Friday, December 7, 2012

I yelled at by a grumpy lady

I took the kids to their school's holiday book fair at Barnes & Noble on Friday night.  I pulled the van into a rather tight spot, but that's the way it goes.  I opened the door on the passenger side for Tulip and Wolfie to exit.  They know to stay by the side of the van until I come around to their side.  In other words, stand there and don't run into the street.

I was getting Luna out of the driver's side and I could hear a person kind of hollering.  I assumed it was a mom barking orders at her own children as they traverse the busy parking lot.  When I rounded the back of the van, I saw a lady standing there between her car and my van and she said, I quote, "Move it already!  Get out of my way!  I have to get in my car!"

She was yelling at my kids.

So I said, "Hey, why are you yelling at my kids?"

She said, "They're in my way!"

I said, "Well you don't have to yell at them, grumpy lady."

Then she said as we were walking towards the store, "You didn't have to park so close to my car.  You didn't leave me any room..."

I thought, "I parked in the exact center of a pretty tight parking space.  Maybe you are the one who parked crooked..." but that was too many words so instead I said, "Why don't you cheer up a little."

I entered the store, to the aid of a very nice man who said, "Here, let me get the door for you," feeling rather proud of my choice of words in front of my children.  I used "grumpy" and "cheer up" when I could have very well used different sets of words.

But then...gasp...it hit me.  Did I just model very bad behavior?  Did I just show them how to talk back to someone?  I felt like I was defending them and letting them know that the grumpy lady should not have yelled at them like that but couldn't I have just quietly ushered them inside the bookstore and then told them?
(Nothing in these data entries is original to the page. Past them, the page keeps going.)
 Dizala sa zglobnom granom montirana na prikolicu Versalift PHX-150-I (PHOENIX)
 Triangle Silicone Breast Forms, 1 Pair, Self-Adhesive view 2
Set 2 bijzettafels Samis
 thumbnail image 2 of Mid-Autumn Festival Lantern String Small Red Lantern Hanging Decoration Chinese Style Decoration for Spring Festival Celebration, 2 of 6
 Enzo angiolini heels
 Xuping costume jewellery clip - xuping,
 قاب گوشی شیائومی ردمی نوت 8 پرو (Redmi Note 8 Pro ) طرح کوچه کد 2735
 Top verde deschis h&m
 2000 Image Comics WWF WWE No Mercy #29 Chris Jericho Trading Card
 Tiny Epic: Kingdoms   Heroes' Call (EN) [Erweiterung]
So as I began to doubt my perfectness as a mother, I was reminded of a time my friends Jackie and Ann, Melinda and I were visiting.  Jackie and Ann had just recently adopted their 2 1/2 year old son.  Melinda was the experienced mother of the group with daughters age 6 and 8, and I had not begun having children yet.  Jackie and Ann were navigating the world of new motherhood and asked Melinda the rhetorical question, "As a mom, what do you do when some other child is behaving badly toward your own child?  Do you step in and discipline some other mother's child?  Do you wait for that child's mother to step in?"
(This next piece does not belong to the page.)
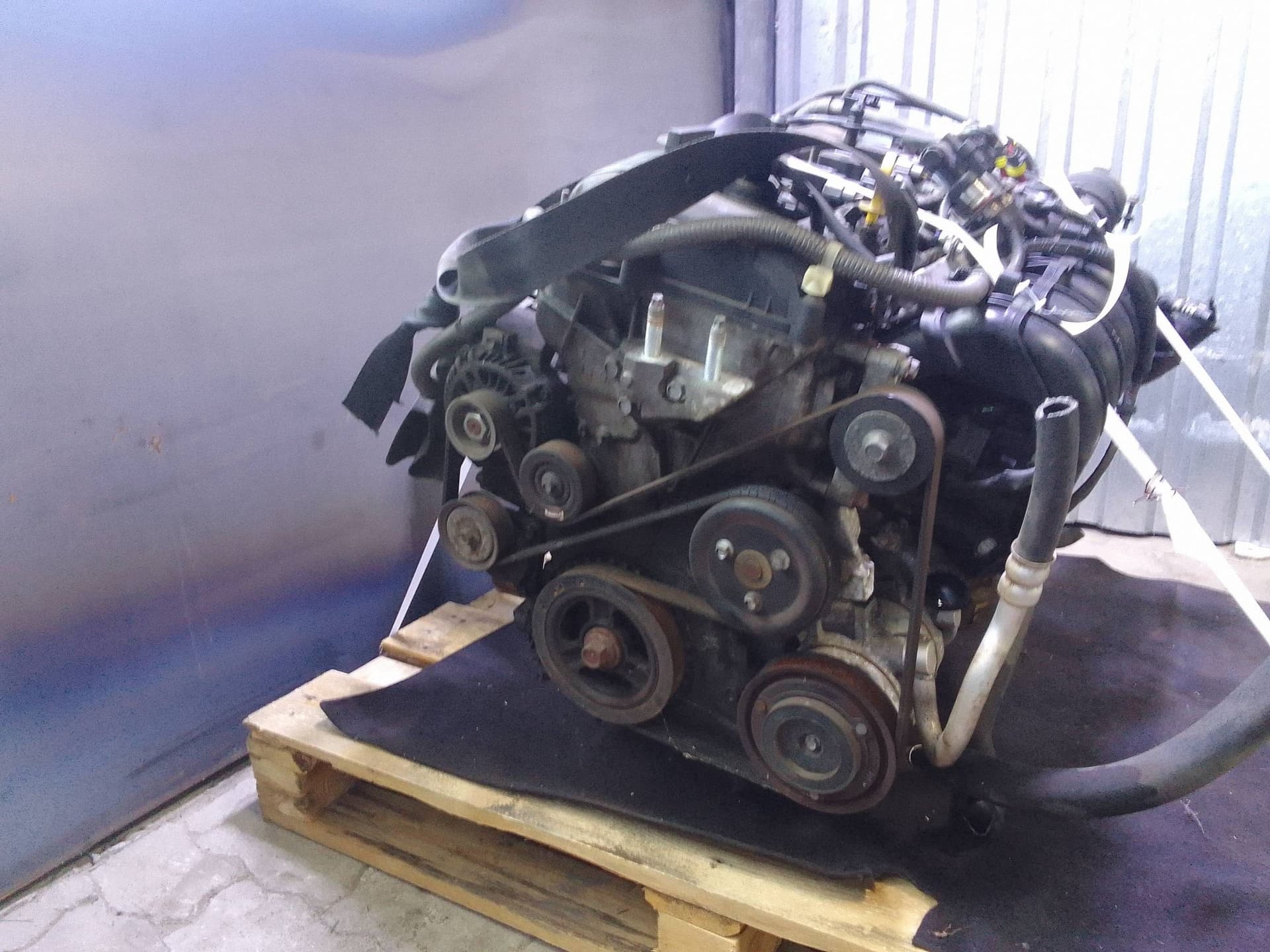Moteur LF17 — vue 3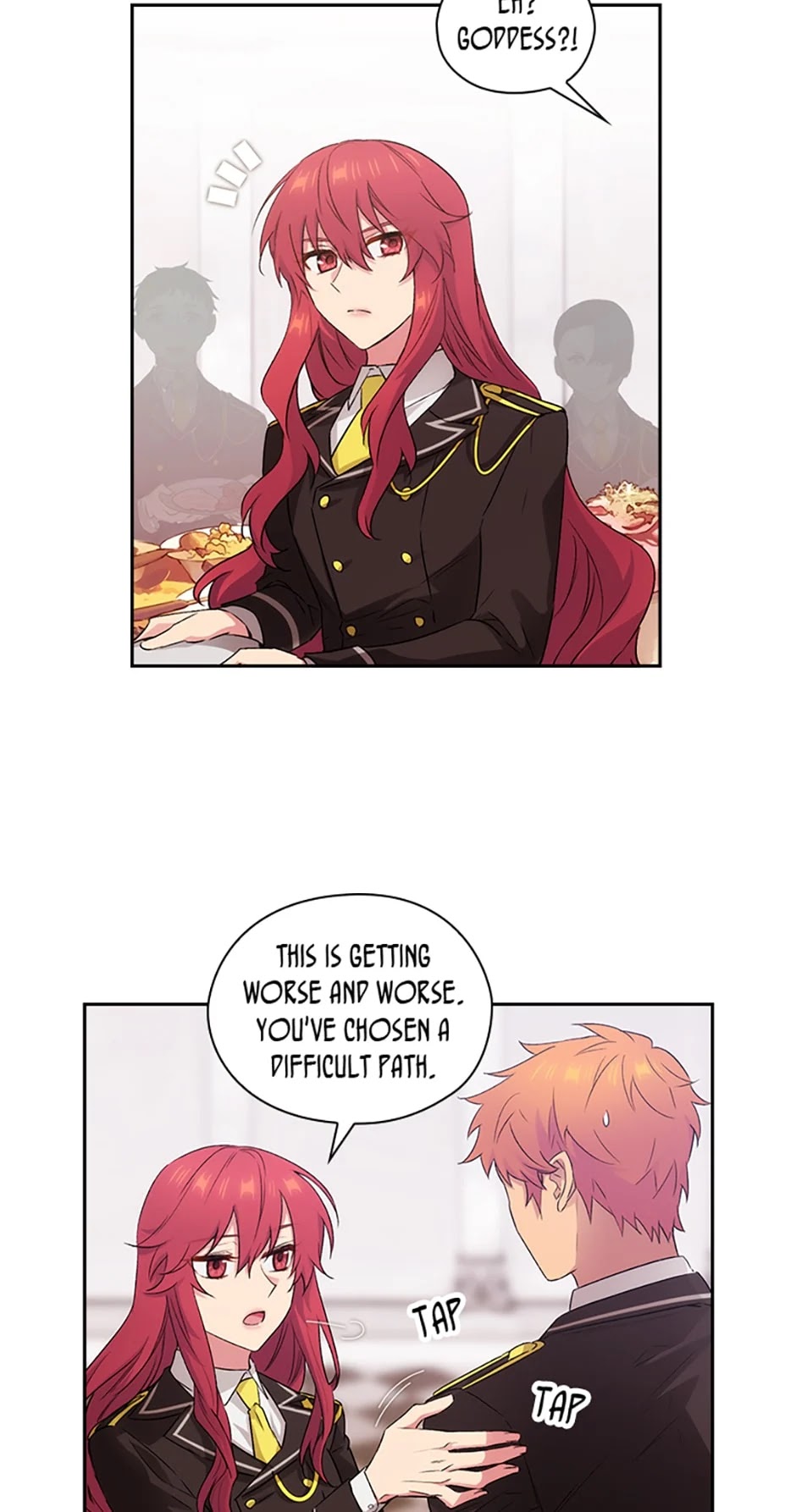 Reminiscence Adonis Chapter 126 page 21 - Chapter 126: Past History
These are tough questions no matter in what stage of mothering you are.  Melinda, the wise and wonderful, said, "No matter what, I am my child's advocate.  That's my job as a mom.  So if another person is causing some harm to my child, I step in.  Likewise if my child were behaving inappropriately toward another, I would step in."

Sage words, mama.

I decided that grumpy lady needed to be disciplined as she was in the wrong.  Also, it probably wouldn't hurt for her to know that she was acting grumpy.  I mean, really, "cheer up!" is the reminder we all could use during this festive holiday season.

What I'm hoping my children took from this interaction between their mama and a stranger is:
1.  Their mama loves them and will protect them from grumpy people
2.  NOT that the lesson is to talk back at someone, unless they deserve some redirection on behalf of protecting a beloved family member
3.  Most importantly, to have a sense of humor when faced with people like the random grumpy lady in the parking lot.